WTO trade agreement hangs in balance at Bali meetings

Wednesday, December 4, 2013

BALI, Indonesia - Top trade officials began talks Tuesday that will either produce an eleventh-hour deal to help the global economy by as much as $1 trillion orhurt the World Trade Organization’s relevance as a forum for negotiations.

After more than a decade of inertia in WTO talks, negotiators are close to a slimmed down deal, but there is no finished document to sign for the dozens of trade ministers attending a meeting on the Indonesia resort island of Bali. With an agreement so close, some have been urging the trade ministers to take the unusual step of completing the negotiations themselves.

An agreement on simplifying customs procedures could help revive the WTO’s broader Doha Round of trade negotiations, sometimes known as the development round because of sweeping changes in regulations, taxes and subsidies that would benefit low-income countries.Still, WTO ministerial meetings are designed for enshrining done deals, not technical negotiations, so producing an agreement at a four-day conference would be unprecedented.

“Even though still possible, the chances of reaching a deal are rather slim,” said Matthias Helble, a global trade expert at the Asian Development Bank Institute and former WTO adviser.

The goal of the Doha Round, so called because it began in the Qatari capital in 2001, is to create unified rules for the 159 member economies of the WTO in myriad areas: lowering import taxes on hundreds of goods, limiting market-distorting subsidies for farm produce and creating one standard for customs procedures that would make it easier for goods to move across borders.

The idea is that if all countries play by the same trade rules, then all countries will benefit. With fewer trade barriers, goods and services of all types would be more affordable, creating more employment and business opportunities. The WTO estimates that easing customs barriers would increase total world trade to $23 trillion from its current estimate of $22 trillion.

Critics of the WTO rules, though, say they may hinder countries from setting their own priorities in environmental protection, worker rights, food security and other areas. And they say sudden reductions in import tariffs can wipe out industries, causing job losses in rich and poor countries.
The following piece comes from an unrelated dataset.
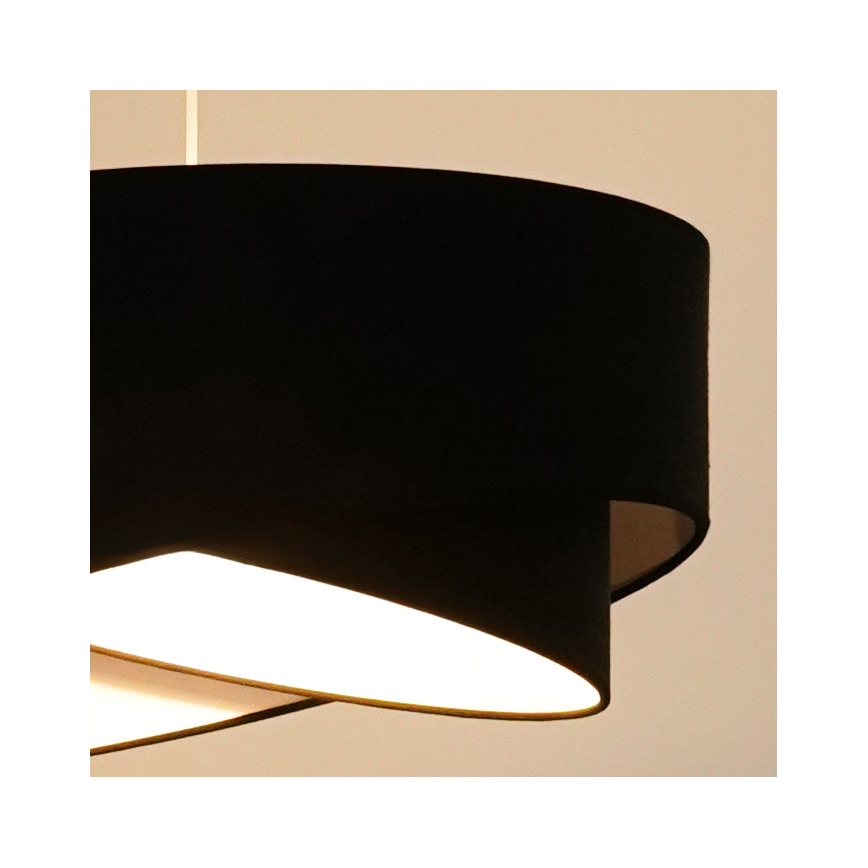 Brilagi - LED luster na sajli LYRA 1xE27/15W/230V crno/bela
“We know it is not an easy task,” said Brazil Foreign Minister Luiz Alberto Figueiredo Machado. “But we are now here, and we are here to do something. We are willing to do our best effort to leave Bali with an adopted package.”

Because all WTO members must agree on every aspect of the dozens of points of contention for a broad trade agreement, progress has been slow. The recent negotiations meant to revive the talks are on trade facilitation, only part of the agenda but still sweeping and complex.

In the meantime, the U.S. and other countries have been developing separate regional trade deals. Many such pacts already exist. The newest, largest of them in the works - the Trans-Pacific Partnership among the U.S. and 11 other Pacific Rim economies, and a U.S.-European Union free-trade deal - would give developed economies fewer incentives to forge WTO deals.

That’s why another meeting with no deal after more than a decade of trying could signal the twilight of the WTO’s significance as a forum for trade negotiations. It has thrived in its other a major role, as arbitrator of trade disputes, where countries can file complaints against each other for distorting world commerce by using tools such as subsidies to create an unfair advantage.

“Failure in Bali will have grave consequences for the multilateral trading system,” WTO Director-General Roberto Azevedo said.